Related products:Knowledge
  • June 8, 2026
  • 2 replies
  • 56 views

We have noticed that when users search for content, including “how to” articles, the generative search results has started to respond with phrases like “sorry for the inconvenience” or “sorry for the confusion”. Following that, it provides a good quality response to the question.

This is new behaviour - we monitor the results of Quick Search closely.

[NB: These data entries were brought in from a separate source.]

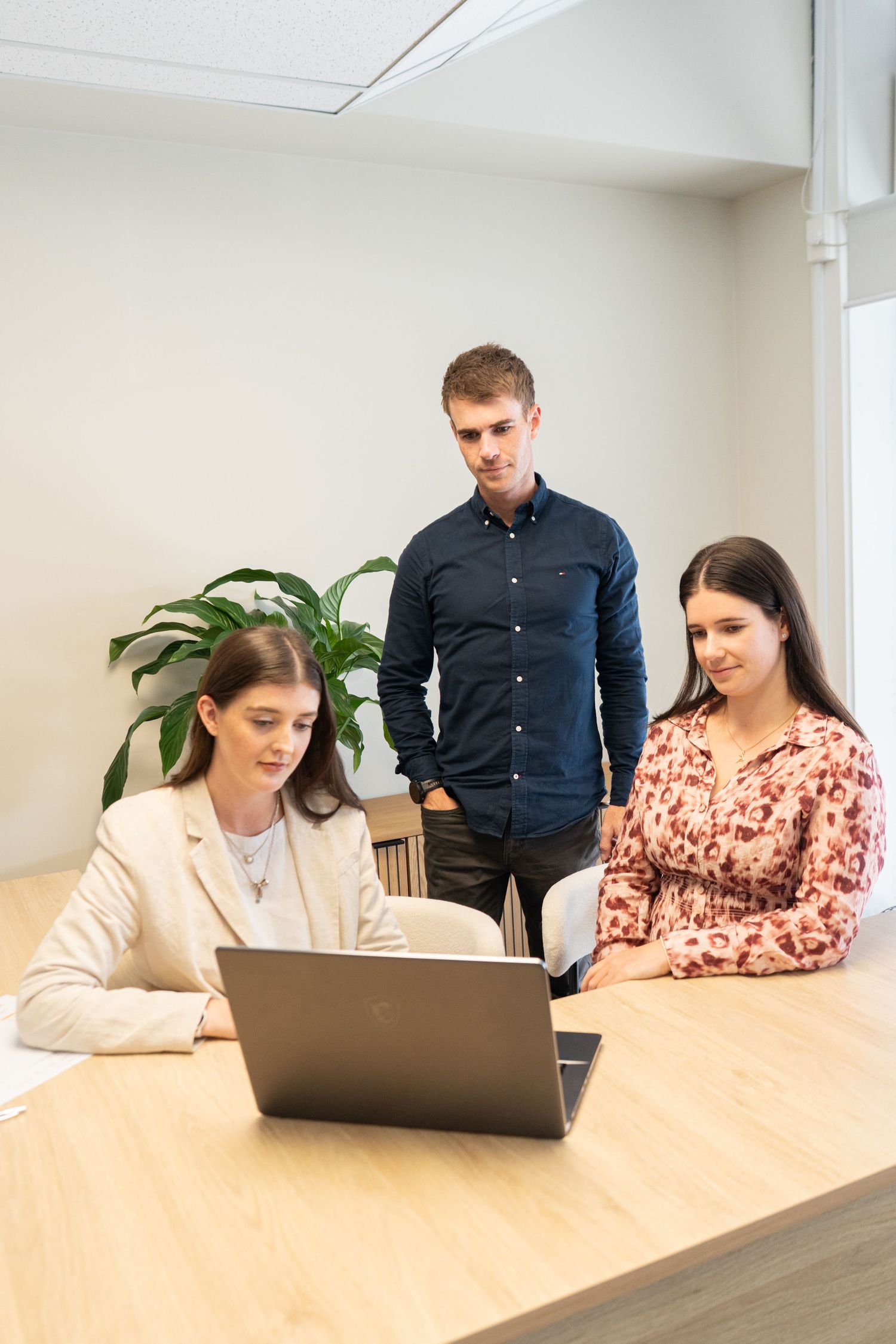 Three young professionals collaborating around a laptop at a wooden desk in a modern office setting.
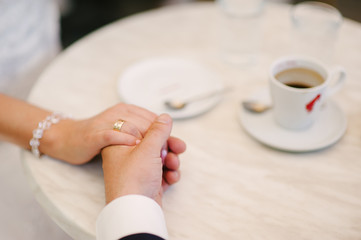 Bride and groom holding hands with wedding rings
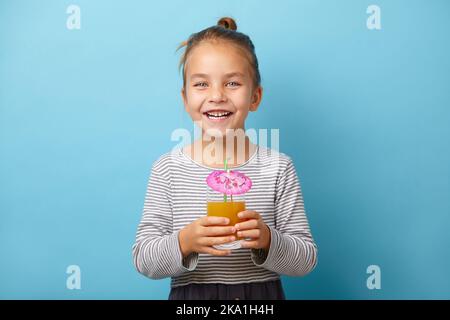 Allegra bambina beve succo d'arancia e ride, si trova su sfondo isolato blu. Foto Stock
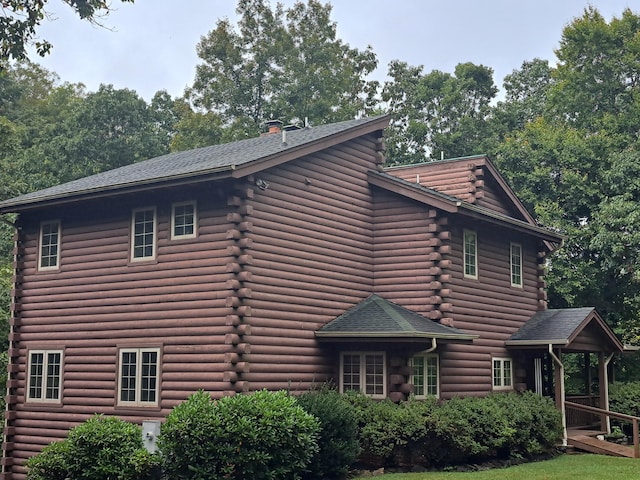 view of property exterior featuring log exterior and roof with shingles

It would be good to be able to prevent this behaviour, or add rules to the tool to modify the responses. Otherwise it detracts from the experience, and assumes fault on our platform unnecessarily.

2 replies

Andre23
  • Newcomer
  • June 8, 2026

We've observed that generative summaries are returning empathetic language in their responses. This typically occurs when a user's query contains phrases that imply frustration or confusion, such as:

  • "I don't see…"
  • "How can I get this back?"
  • "This functionality disappeared"

Generative search should provide relevant, neutral information — not to interpret or respond to a user's emotional state, especially on the search results page and the agent’s Knowledge app within the Context Panel. When a summary opens with empathetic phrasing (e.g., "Sorry for the inconvenience…"), it blurs the line between search results and conversational AI behavior.

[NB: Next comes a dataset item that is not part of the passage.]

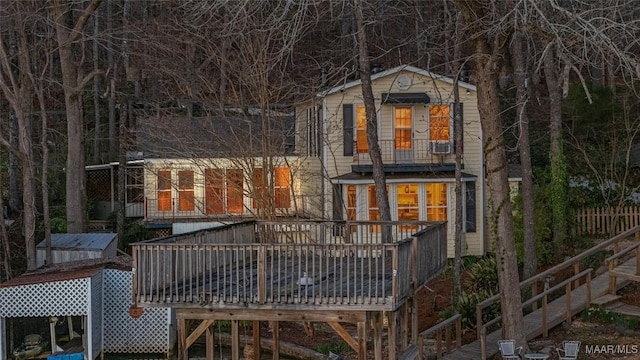 rear view of house featuring a deck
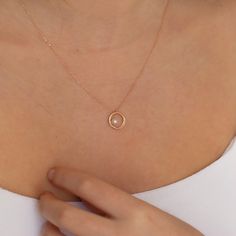 "Dainty 14k Gold Circle Necklace with Pearl, Gold Pearl Jewelry, Solid Minimal Pearl Pendant, Wedding Accessory, Valentines day Gift for Her All of our products has the stamp \"585\" on them. (which states that this is real gold) Our product weighs 1.99 gr and the chain length is 42 cm. There may be +/- 0.15 change in gram information due to production. Your products will be shipped with free shipping UPS express within 1-3 business days. Quality control has been done. Our products are Anti Alle Minimal Pendant, Simple Pearl Necklace, Gold Pearl Jewelry, Necklace With Pearl, Single Pearl Necklace, Gold Circle Necklace, Evil Eye Necklace Gold, Ring Pearl, Pearl Drop Necklace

Our recommendation: Empathetic responses should be scoped exclusively to AI Agent procedures, where conversational tone and sentiment handling are appropriate. Generative summaries should remain purely informational, returning only factual content sourced from the knowledge base — regardless of how the query is phrased.

Separating these responsibilities ensures that each feature performs its intended function without overlap.


  • Author
  • July 10, 2026

Just continuing in on this one, today the response was:

 

Sorry for any inconvenience—if you share which (remaining search response).

 

This is a response to a search query, not a conversation. Where are they meant to share the requested information? If they type the details into the search box without the original search terms, it will result in less-relevant results, and a poor experience. 

Has there been any movement in getting this corrected Zendesk?